In questo periodo della vita diventano fondamentali gli amici, che non sono solo più dei compagni di giochi ma dei confidenti e delle persone con cui confrontarsi. Il ragazzo abbandona lentamente il concetto di sé costruito sull’adattamento alle aspettative genitoriali per sostituirlo ad una considerazione di sé derivata dai giudizi dei coetanei, per la quale sono di fondamentale importanza l’aspetto fisico, l’attrazione sessuale, l’intelligenza. L’adolescente può sentirsi valutato negativamente in alcuni di questi settori e ciò comporta inevitabilmente ansia, frustrazione o l’atteggiarsi in modo compensativo, nel tentativo di primeggiare in ambiti in cui si è considerati poco abili. L’adolescente acquisisce una propria identità quando trova un punto di equilibrio sintetizzando i concetti di sé, in una rappresentazione unitaria di sé qualitativamente superiore alla somma delle sue singole componenti. Una delle conquiste dell’adolescenza è l’acquisizione della capacità di pensare in modo astratto, che permette di andare al di là di una situazione data immaginando possibilità alternative per il mondo politico, sociale, familiare e scolastico. Il giovane prende consapevolezza della dimensione temporale e inizia a pensare in termini realistici al futuro, comprende che alcuni progetti che aveva fin da bambino sono irrealizzabili, mentre altri sono possibili ma conportano dei sacrifici. Si fa sempre più precisa la distinzione tra reale e ideale.
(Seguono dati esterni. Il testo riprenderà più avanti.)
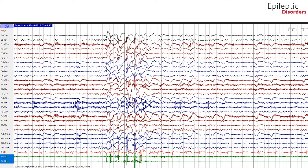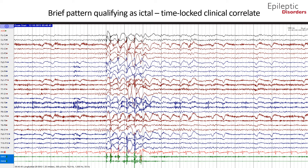The first type of seizure we will talk about is a brief pattern qualifying as ictal with time-locked clinical correlate. In this bipolar montage EEG, shown is a brief pattern qualifying as ictal that is time-locked with clinical manifestations.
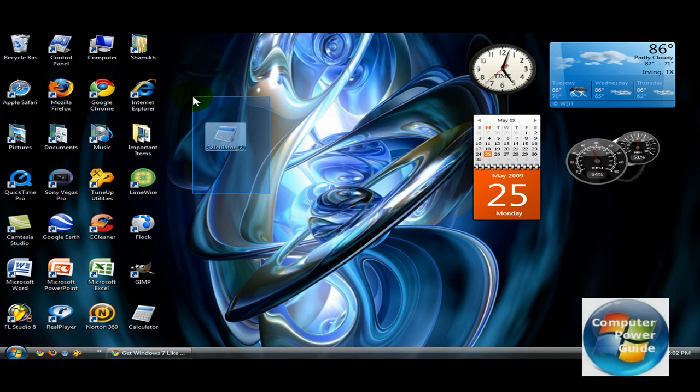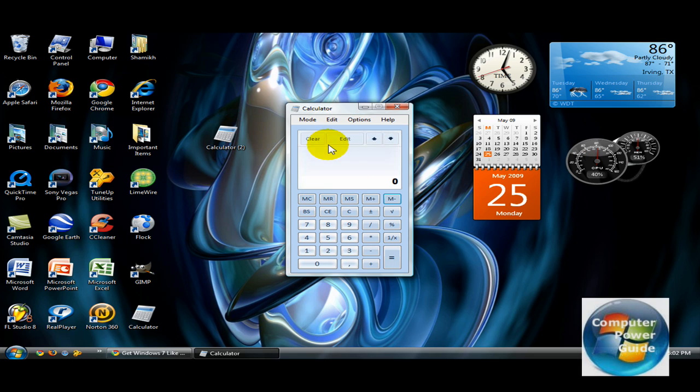Alright, so that's how you get the Windows 7 calculator for your XP or Vista. Thanks for watching.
Il raggiungere la capacità di riflettere sul proprio pensiero e su quello degli altri permette al giovane di prendere in considerazione idee differenti dalle proprie, mutando la qualità delle relazioni e sfumando le caratteristiche egocentriche dell’età infantile. A questa età la riflessione su sé stessi è più approfondita ed elaborata e porta l’adolescente a comprendere che vi sono discrepanze tra come si vede lui e come lo vedono gli altri, portandolo a vagliare l’opportunità di adeguarsi alle aspettative sociali.

A mio parere l’insegnante di danza è la persona alla quale un genitore affida le cose più preziose che possiede suo figlio: il cervello, il corpo e l’anima. Glielo affida affinché lo trasformi in un capolavoro pensante e trasformi la sua vita in emozione. Un onore colmo di responsabilità a cui non è possibile sottrarsi. Buon anno accademico a tutti.